Konagai et al. (l998b) formed a simulation of soil-structure interaction effects in shaking table test. In this study, a soil-structure. system is divided into two substructures, the superstructure and the unbounded soil extending to infinity. A shaking table represents exactly the latter substructure of soil. The multi-step method is used to describe two primary causes of soil-structure interaction - the
inability of the foundation to match the free-field deformation, and the effect of the dynamic response of the superstructure on the movement of its supporting soil- foundation system. The expression for the soil stiffness obtained is eventually a complex function of circular frequency. Its real part is a downward open parabola to the right, whereas its imaginary part increases linearly with increasing frequency.
Though it is based on oversimplified conditions, but gives an idea that the stiffness for any of lateral, vertical or rotational response mode will be approximately described by a limited number of simple frequency-independent parameters.
The ring-pile analysis for a grouped pile foundation subjected to base motion by Takemiya (1986) aims at developing an effective and efficient formulation for the dynamic analysis of grouped-pile foundations. Grouped piles are analyzed based on the "ring-pile" concept which assumes that piles are in a concentric arrangement. The paper represents a FEM application. The investigation is addressed to the pile head impedance functions and the associated input forces due to pile-soil-pile interaction for the base motion, and the inertial interaction between foundation and structure, by taking a bridge pier on a grouped pile foundation as an example.
A simplified expression is derived for the dynamic stiffness of grouped piles in sway motion by Konagai et al. (2000). A computer program, based on the thin layer element method is used for this purpose. The idealization of grouped piles as a single equivalent uproright beam and the concept of the active pile length have facilitated the derivation of pile-cap stiffness in terms of frequency-independent mass, damping and stiffness parameters.

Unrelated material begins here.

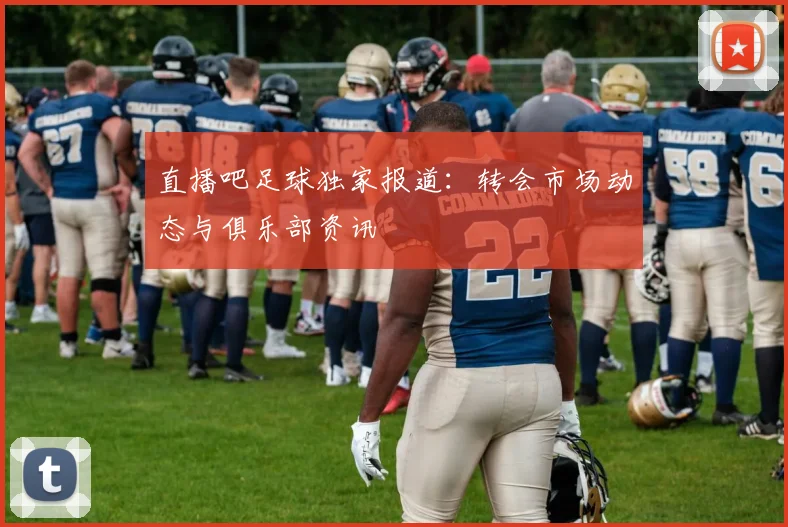 直播吧足球独家报道：转会市场动态与俱乐部资讯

A new method to simulate soil-structure interaction effects in shaking table tests has recently been presented by Konagai and Ahsan (2002). In this method, analog circuits or digital signal processors are used to produce soil-foundation interaction motions in real time. Their expressions of soil-structure interaction motions are based on published rigorous formulations of impulse response functions or flexibility functions of foundations resting on or embedded in homogeneous or layered soils of semi- infinite extent. The method is further extended to take the "far field" soil non-linearity into account. An example of non-linear soil-structure interaction simulation using the present method is also described.

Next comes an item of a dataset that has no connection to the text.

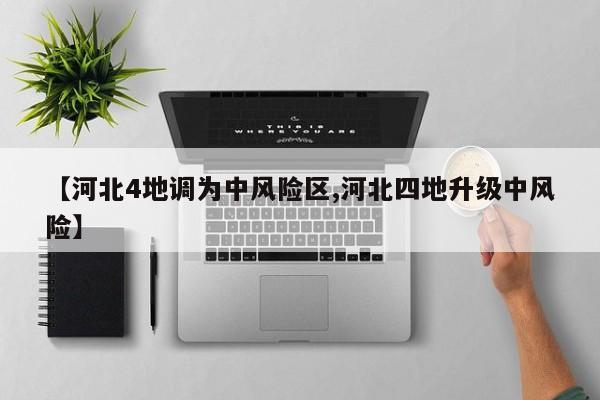 【河北4地调为中风险区,河北四地升级中风险】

Single beam analogy for describing soil-pile group interaction has been offered by Konagai et al. (2000). Most laterally loaded piles are flexible in the sense that they are not deformed over their entire lengths. Instead, pile deflections become negligible below an 'active pile length' La. Here piles closely grouped together beneath a superstructure are viewed as a single equivalent upright beam whose stiffness matrix determines La. This idea is verified for different cases of pile spacing, and is further extended for nonlinear behavior of soils surrounding grouped piles.